The result is eDocs, or electronic documents, which offer an agile, quick and cheap alternative to traditional design and print.
Crucially though, eDocs also delivers enhanced accessibility since they can be read on any device from laptops to smartphones, with the documents adjusting automatically to the screen size. They can also be downloaded and read on a Kindle.
Since eDocs were introduced at the authority a little over a year ago, the technology has resulted in the council printing some two million fewer pages, delivering a real breakthrough in reducing costs and waste. This equates to a saving of more than £170,000 (double-sided and in colour).

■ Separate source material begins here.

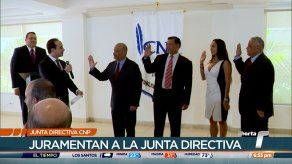Juramentan nueva directiva del Consejo Nacional de Periodismo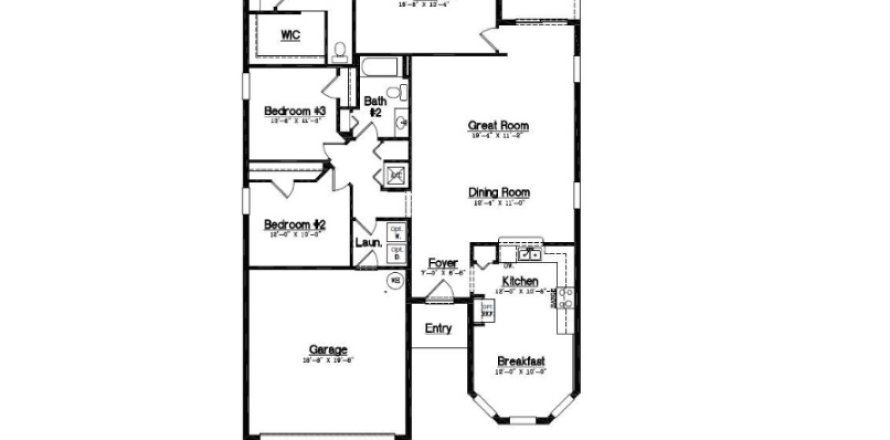 House floor plan «House», 3 bedrooms in Courtland Park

eDocs incorporate a piece of software, Browsealoud, which means you can listen to the document being read out or have it translated into more than 140 languages. The technology will also let you change the font size and colour contrast to suit your needs and you can easily share the document with others by email or on social media.
The breakthrough principle has been to create documents that are digital by design and live; anyone accessing them online will always see the latest version.
eDocs was developed in-house by South Gloucestershire Council’s Digital Services team at only the cost of the team’s time.
Councillor John Goddard, deputy council leader and chair of the resources sub-committee, said: “eDdocs is a major contribution to digital public services delivery allowing faster and more accessible access to a range of services while enabling local authorities to reduce waste and reduce costs for next to no expenditure.”
eDocs brings together:
- WordPress – an open source free web content management system
- mPDF – open source free software used to generate PDF files
- Browsealoud – Text-to-speech software that enables translation on demand and which allows documents to be adjusted for colour contrast as well as allowing documents to be made available as audio files in MP3 format
The council added: “All these programmes already exist. The innovation on the part of the officers involved was figuring out how to bring them together and make them work as one.”
It is currently being rolled out across South Gloucestershire Council services, allowing staff to create their own documents and helping us to deliver on our pledge to continue to deliver value for money and essential services at a challenging time.